So, you've decided you want to own a home. It's a popular dream. For most people, with the right planning, it can become reality. But there is a lot to know before you begin moving. We'll take you through the planning process step-by-step, to determine exactly the kind of home that's perfect for you. We'll ask you some questions and we've provided worksheets that you can print out and use with your REALTOR®. Overall, your REALTOR® will work with you to position your home on the market so that your sales experience will take place as expeditiously as possible.
How many bedrooms will you one day require? Your preschoolers will be teens some day. Are you planning to stay in your home that long? Perhaps your teens are ready to move out on their own. What will you do with all the extra space? When you're thinking about accommodating your family's needs, think of things like parking. How many cars will require space? You'll also want to consider proximity to -- and the reputation of -- schools in the area.

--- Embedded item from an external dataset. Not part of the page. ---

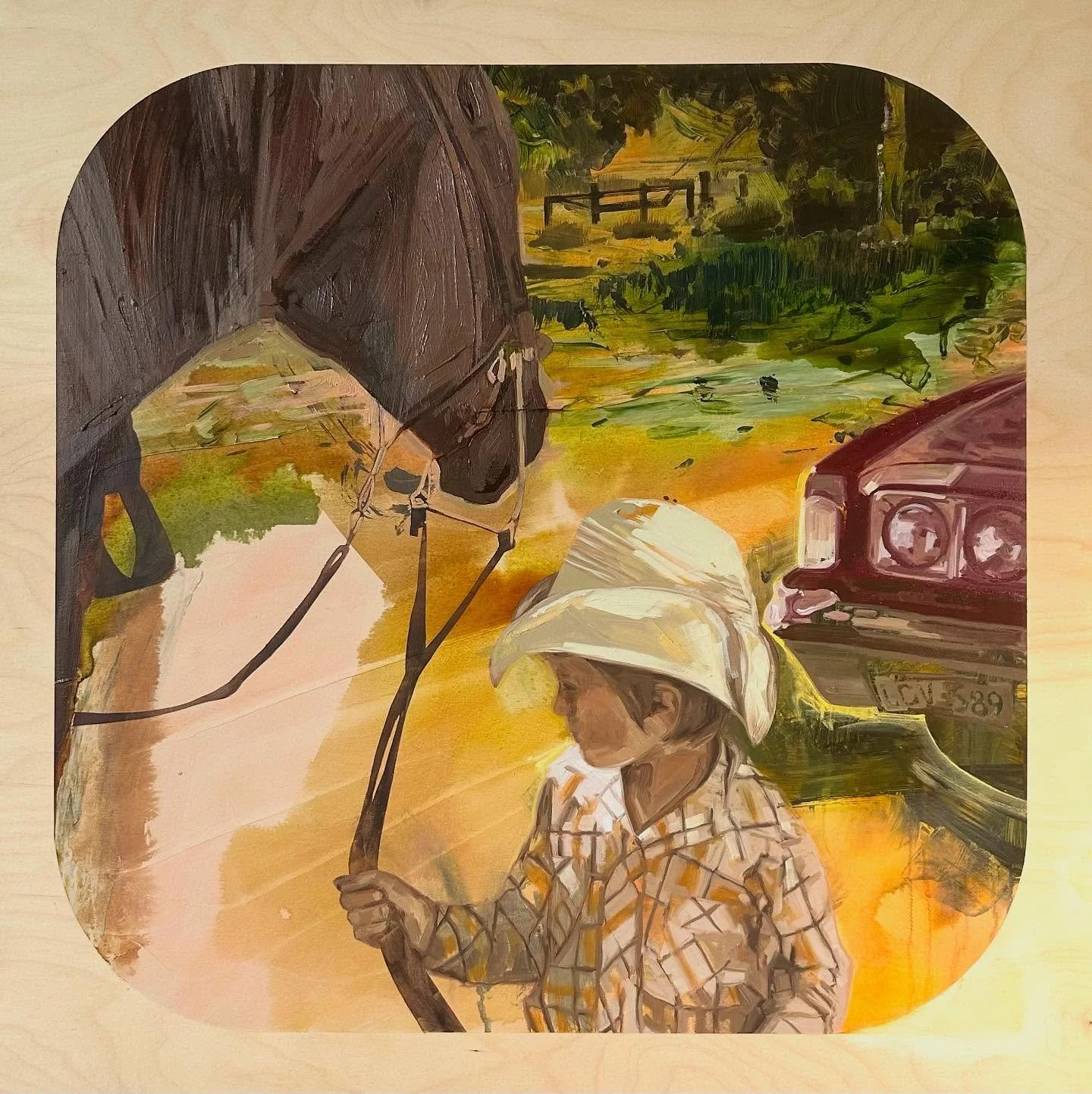 New Painting π§‘
From the current series I’m working on….themes of memory, childhood, and home.
24” x 24”
Oil on panel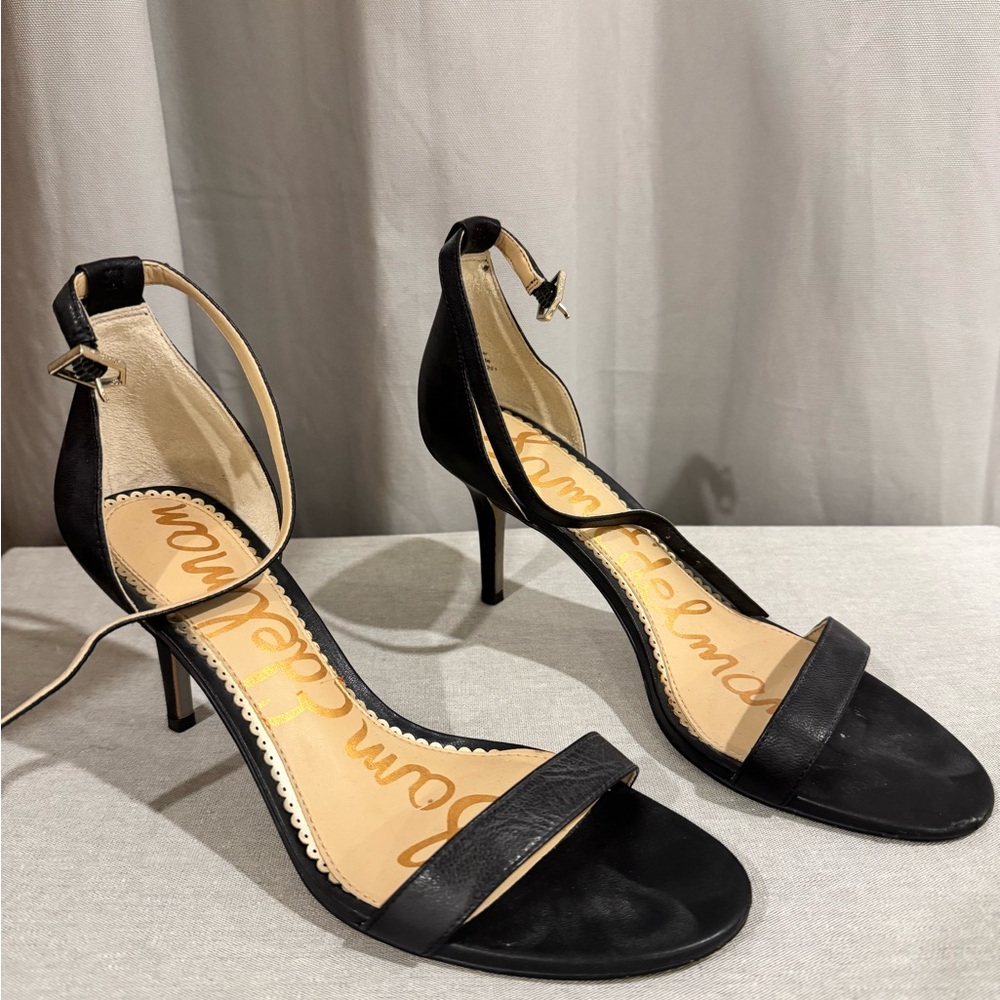 Sam Edelman Black Ankle Strap Heels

How is your work situation? These days people tend to change jobs frequently, and sometimes the best way to get a promotion is to move to another company. If you might be transferred, will you be able to sell quickly? Keeping work in mind, how long do you want to spend commuting? Do you drive or rely on public transportation?

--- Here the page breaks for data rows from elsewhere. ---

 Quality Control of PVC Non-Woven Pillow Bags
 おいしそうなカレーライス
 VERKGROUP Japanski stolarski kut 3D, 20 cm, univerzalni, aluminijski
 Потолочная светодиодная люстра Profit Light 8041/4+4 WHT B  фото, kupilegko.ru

As you can see, you will want to give some thought to how long you intend to stay in your home. It may be difficult to answer before you've even found your home, but if it's your first home give some thought to the resale value when it is time to upgrade. On the other hand, if you're planning to stay in your home for a long time, consider your future needs and purchase a home that will accommodate them.
When you're looking at homes, consider the advantages of brick over a wood frame house when it comes to painting. Take a look at the garden. If you don't enjoy cutting grass, then an expansive lawn may not fit into your lifestyle. You can also evaluate the possibility of future maintenance and repairs based on the age of the house. If you don't like the idea of major renovations, a newer home may be your best option.

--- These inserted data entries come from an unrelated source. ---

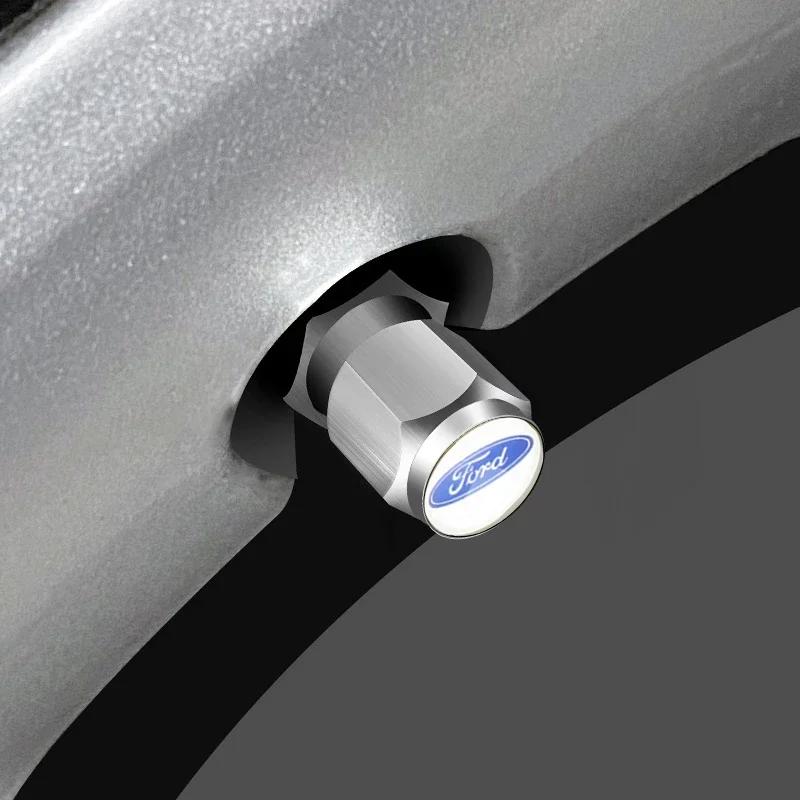Adesivo de Carro Quente Para Tampa de Válvula de Pneu de Carro Ford com Chave para Ford Explorer Ecosport Galaxy Mustang Mk3 Transit Fiesta Mond
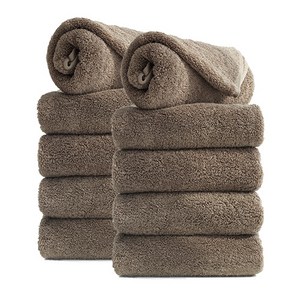 타월톡톡 호텔수건 200g 40수 코마사, 브라운, 10개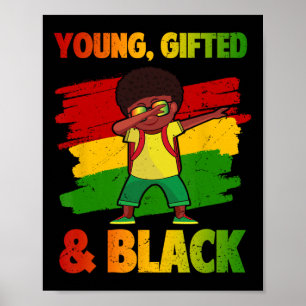 Poster Mois De L'Histoire Des Jeunes Cadeaux Et Noirs Enf
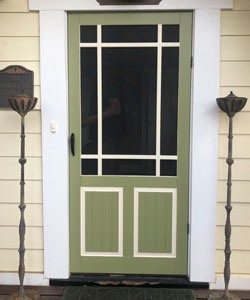 Model 3670-H Craftsman Mission Bungalow Arts and Crafts Wood Screen Door.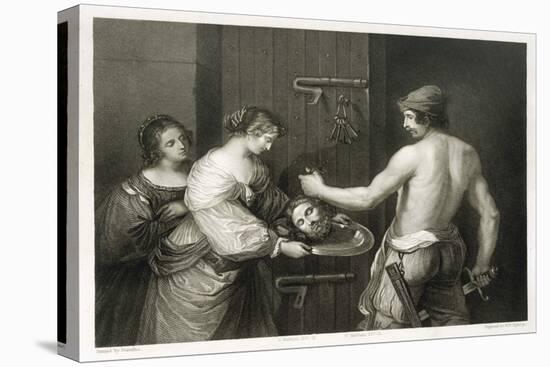 John the Baptist He is Beheaded and Salome Holds out a Dish to Receive His Head-W.h. Egleton-Stretched Canvas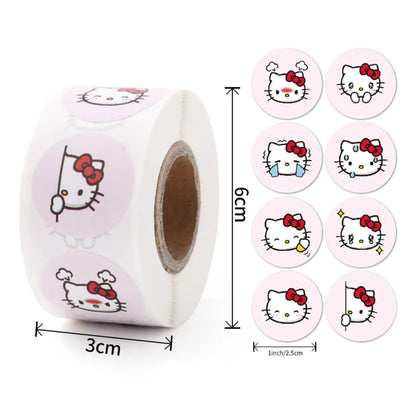 500PCS Cute Kuromi, Pochacco, My Melody Cartoon Stickers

Many first time buyers have them. It goes something like this: You find a big home in a great neighbourhood that's well below what you'd expect to pay for that house in that neighbourhood. You see a couple of coats of paint, new broadloom, a few repairs and voilà, a dream home without the nightmare price.
Before you jump headlong into this 'once-in-a-lifetime opportunity' consider how you'll do all of the work. Will it be weeknights after a long day at the office, or will you hire someone? Are you ready to live in a dusty mess as you renovate? Do a realistic assessment of the job at hand and be sure to have the house inspected. The last thing you want is a bargain home that turns into a money pit.
You're far better to find a house that costs a little more each month but doesn't need much work than to buy a fixer-upper that eats up hundreds of dollars each month. For example, lets say you could buy a really nice house with minimal work required for $10,000 more than a fixer upper. At today's mortgage rates, assuming you could stay within your monthly budget, that really nice home would cost you only about $65 per month more than the fixer-upper. If you buy the fixer-upper, you'll be spending a lot more than $65 each month to whip it into shape, as well as the strain your family will go through living in an unfinished home.